Rub sleep from eyes, reach for phone, see the news. A familiar jolt of dread: 5 dead, 18 injured at the shooting at Club Q in Colorado Springs, an LGBTQ nightclub. The club praises “brave” patrons who fought to subdue the gunman, later named as Anderson Lee Aldrich, who is now in custody. As ever, LGBTQ people, and/or their allies, have to defend themselves, and here two individuals have helped, through sheer bravery, to prevent an even greater loss of life.
At the time of writing, we do not know the motive of the alleged shooter. There may be a hate crime component to the investigation, prosecutors say, but whether it will ultimately stick as a charge remains to be seen and investigated.
But here again: another Sunday morning, six years after the Pulse shooting, with familiar feelings after the headlines. Heart plummets. Upset. Anger. Grief for those who you don’t know personally and also that deeper sense of knowing, because LGBTQ people know hatred, the omnipresent threat of violence—we just never know where it will flare up and affect us directly.
The worry is always there, like an inner trip wire, embedded early in our souls as queer kids. The name calling (if we are lucky), the much worse (if we are not). Life shoves us in to adulthood, and more confidence, coming out, the energy of work and play and friends and loved ones. Yet still we see it, hear it, experience the hatred every day care of the news and right-wing politicians and media muck-spreaders.
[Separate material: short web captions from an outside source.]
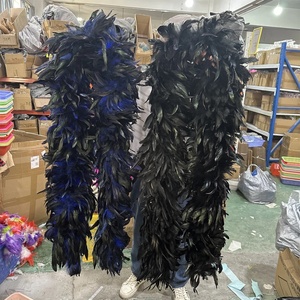 2メートル長いルースターチキンフェザーボアブラックDIYスカーフ染めパターン工芸用ショールウェディングパーティー服コスプレデコレーション - Product Image 4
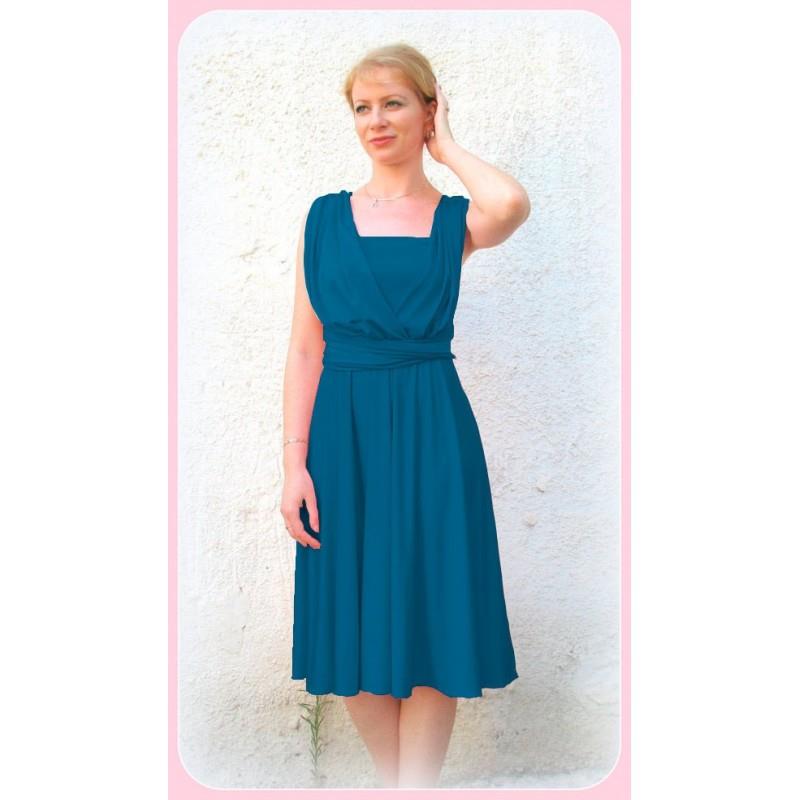 My Stuff, Tailored to Size & Length Bridesmaids dress in blue petrol color  short straight hem Conve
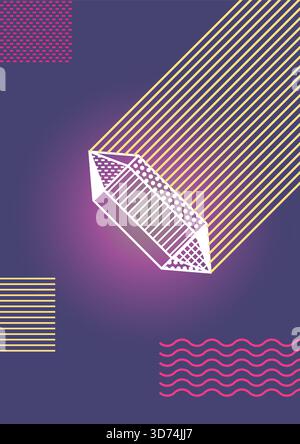 A purple background with a white diamond in the middle. The diamond is surrounded by a purple and yellow line Stock Vector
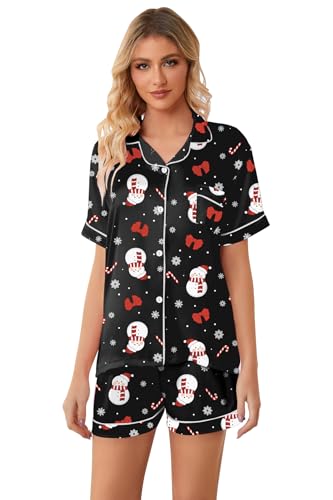 Image of Schbbbta Pajamas for Women, Satin Silk PJS Set 2 Piece Button Down Short Sleeves Sleepwear Soft Comfy Sexy Homewear Outfit, R Christmas Snowman Black, Medium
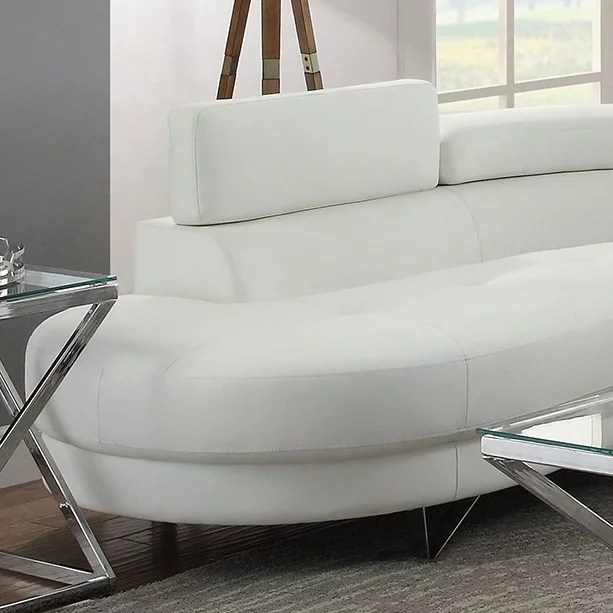 Bobkona Living Room 2pcs Sectional Sofa White Faux Leather Chaise Sofa Cushion Tufted Seat Flip up Headrest Couch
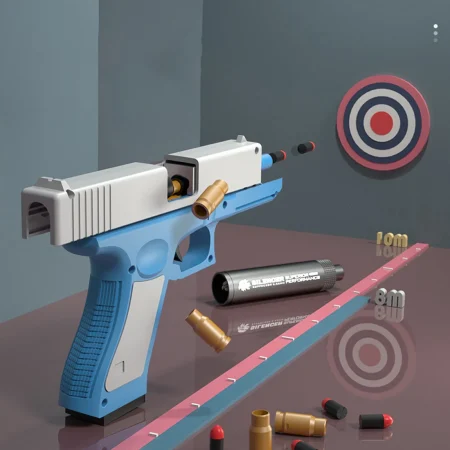 Radish Gun 3D Gravity Model Gun Luminous Transparent Shell Mini 1911 Toy Gun Stress Relief Toys Decompression Birthday Gift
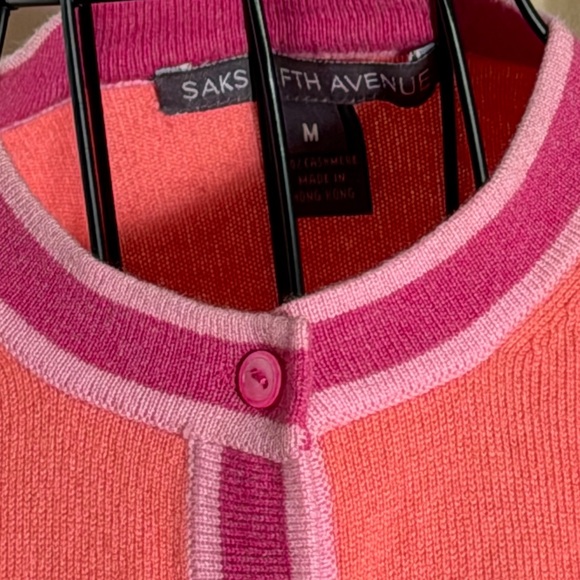 Saks Fifth Avenue Vintage Cashmere Coral Pink Cardigan - Picture 2 of 5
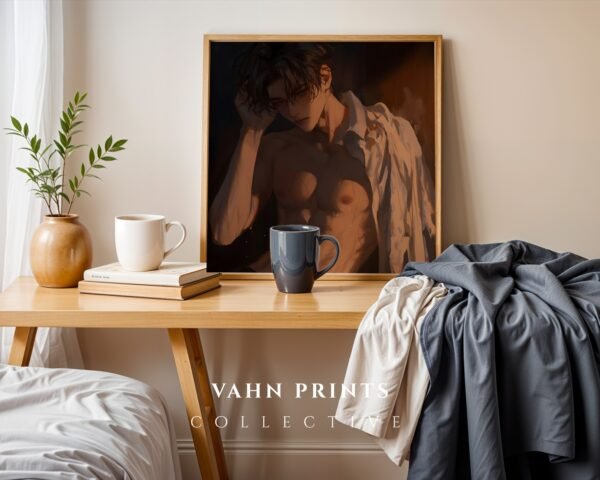 V104c_m3 Handsome Man Art Print Muscular Male Figure Ethereal Soulmate Husband Romantic Wall Art Download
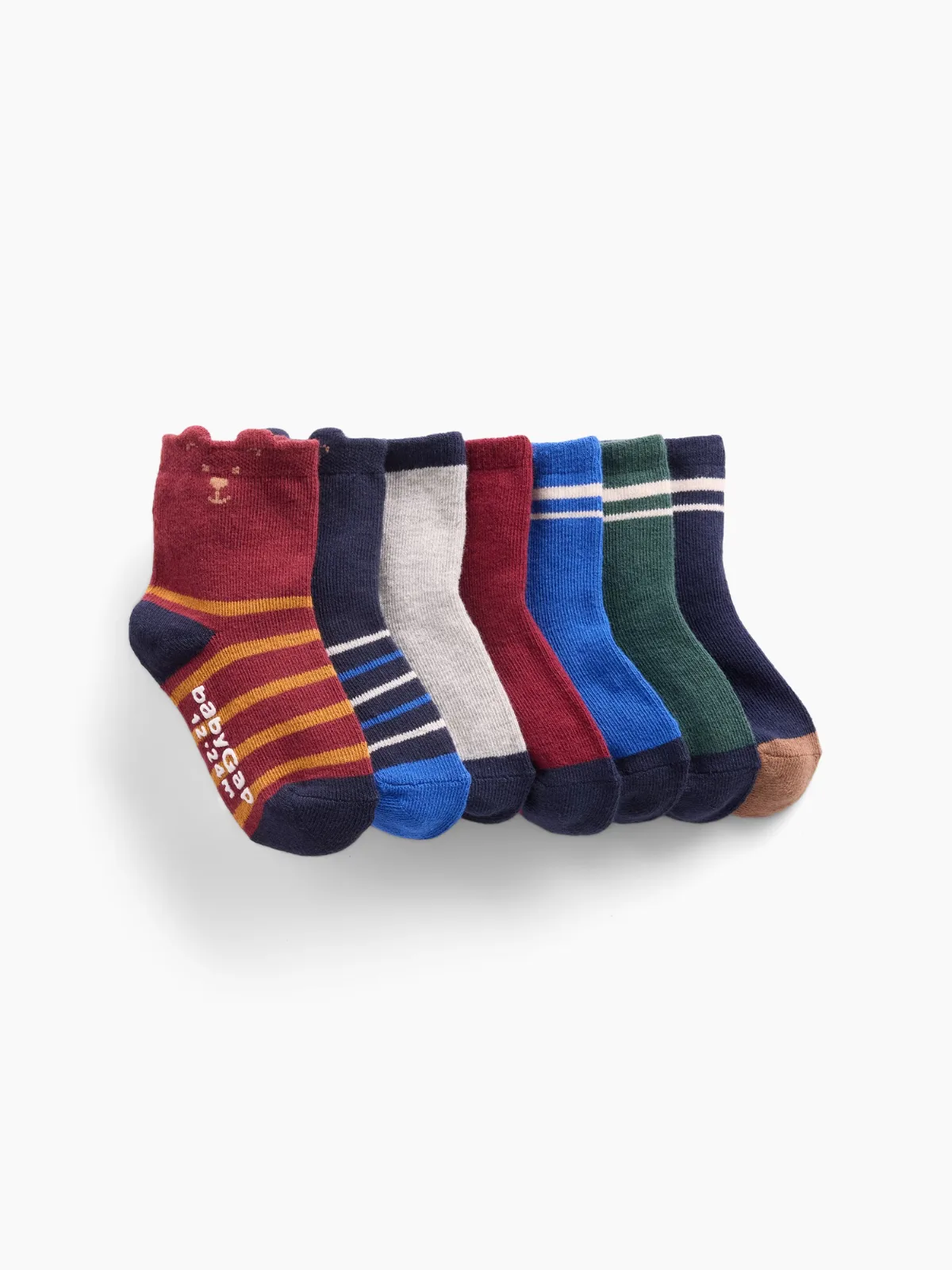 Bear Stripe Crew Socks (7-Pack) by Gap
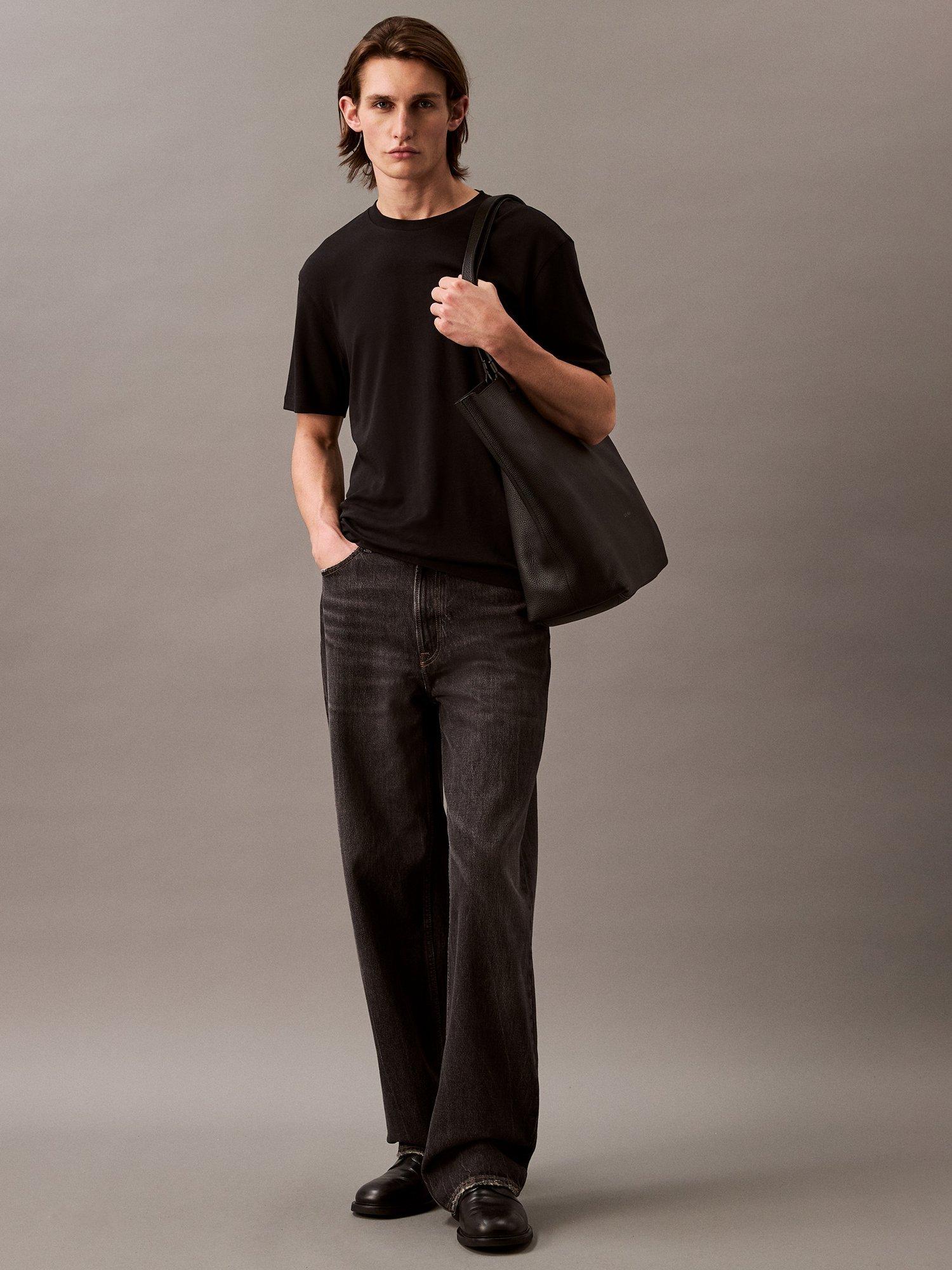 Product image 1 of 6, which shows Calvin Klein Supima Cotton Interlock T-Shirt, Black, XS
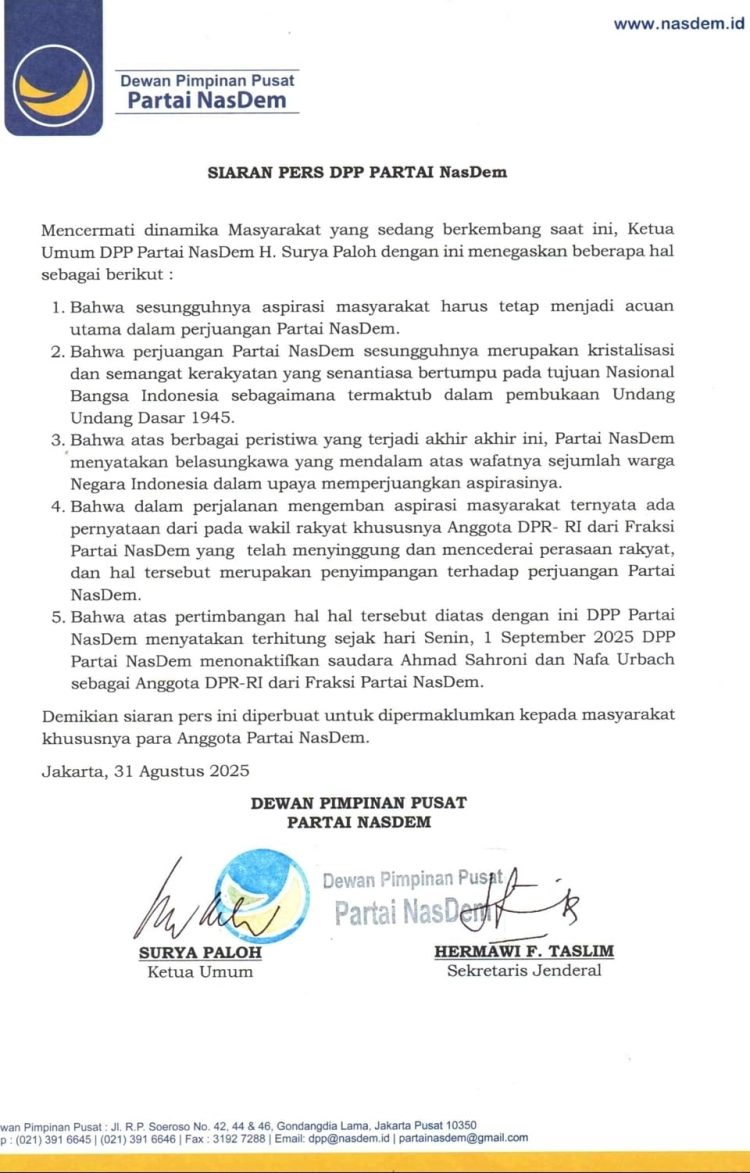 NasDem Pecat Ahmad Sahroni dan Nafa Urbach: Teguran Keras dari Rakyat untuk Elit Politik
Even then, there have always been the bars and clubs—the supposedly safe places we can go to kick back, like Pulse and Club Q.
In a statement, President Biden said: “While no motive in this attack is yet clear, we know that the LGBTQI+ community has been subjected to horrific hate violence in recent years. Gun violence continues to have a devastating and particular impact on LGBTQI+ communities across our nation and threats of violence are increasing. We saw it six years ago in Orlando, when our nation suffered the deadliest attack affecting the LGBTQI+ community in American history. We continue to see it in the epidemic of violence and murder against transgender women—especially transgender women of color. And tragically, we saw it last night in this devastating attack by a gunman wielding a long rifle at an LGBTQI+ nightclub in Colorado Springs.
“Places that are supposed to be safe spaces of acceptance and celebration should never be turned into places of terror and violence. Yet it happens far too often. We must drive out the inequities that contribute to violence against LGBTQI+ people. We cannot and must not tolerate hate.”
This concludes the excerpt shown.